=== THE DATA ===

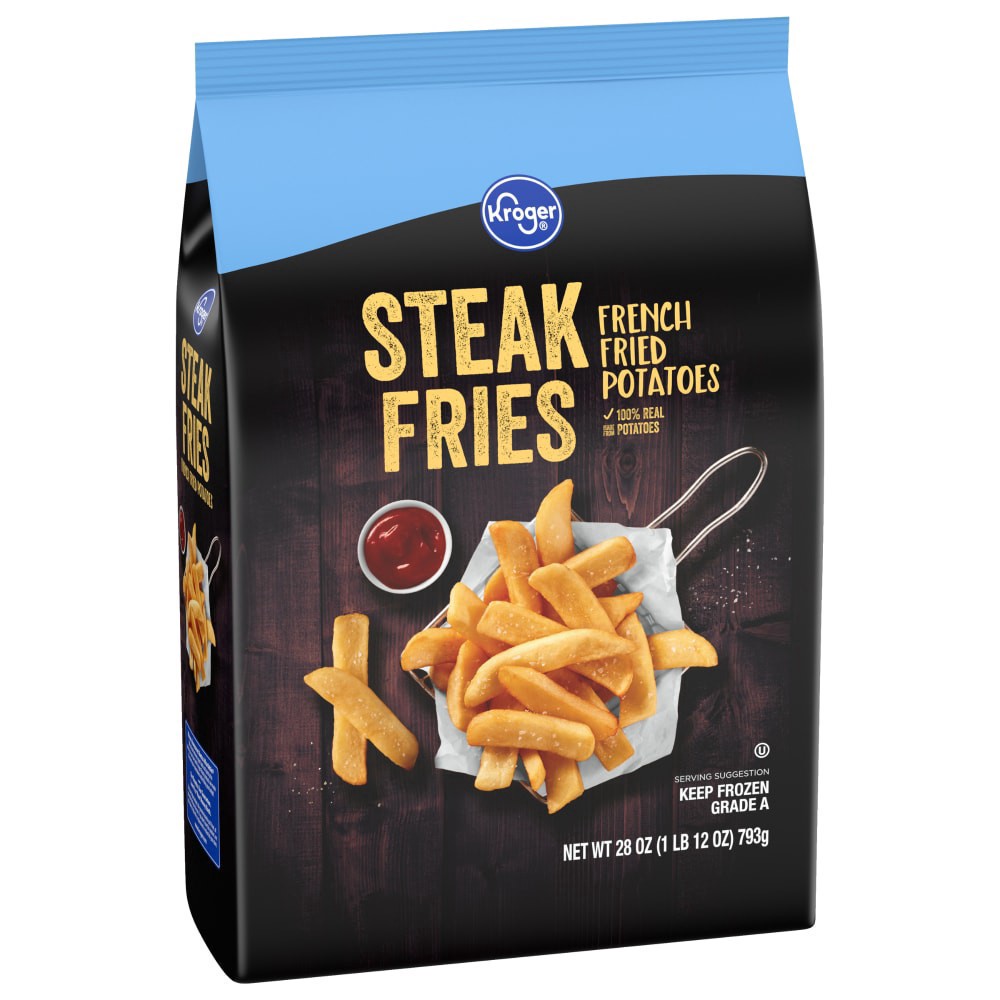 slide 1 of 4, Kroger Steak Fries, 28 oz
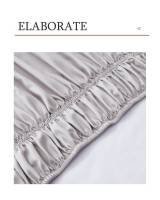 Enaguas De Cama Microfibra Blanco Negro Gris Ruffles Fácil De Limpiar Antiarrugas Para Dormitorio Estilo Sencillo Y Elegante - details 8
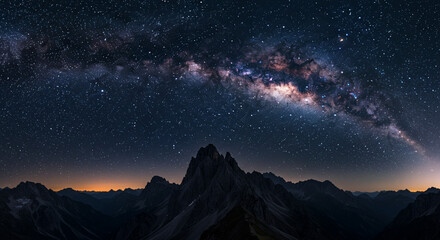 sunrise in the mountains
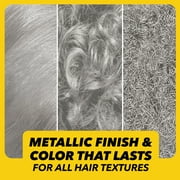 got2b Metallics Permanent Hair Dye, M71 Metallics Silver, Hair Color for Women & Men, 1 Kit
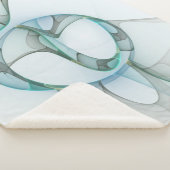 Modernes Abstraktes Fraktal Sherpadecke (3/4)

===

◆ TASK ITEM
Without the pictures, return the entries exactly as they appear.

◆ OUTPUT BELOW
 slide 1 of 4, Kroger Steak Fries, 28 oz
 Enaguas De Cama Microfibra Blanco Negro Gris Ruffles Fácil De Limpiar Antiarrugas Para Dormitorio Estilo Sencillo Y Elegante - details 8
 sunrise in the mountains
 got2b Metallics Permanent Hair Dye, M71 Metallics Silver, Hair Color for Women & Men, 1 Kit
 Modernes Abstraktes Fraktal Sherpadecke (3/4)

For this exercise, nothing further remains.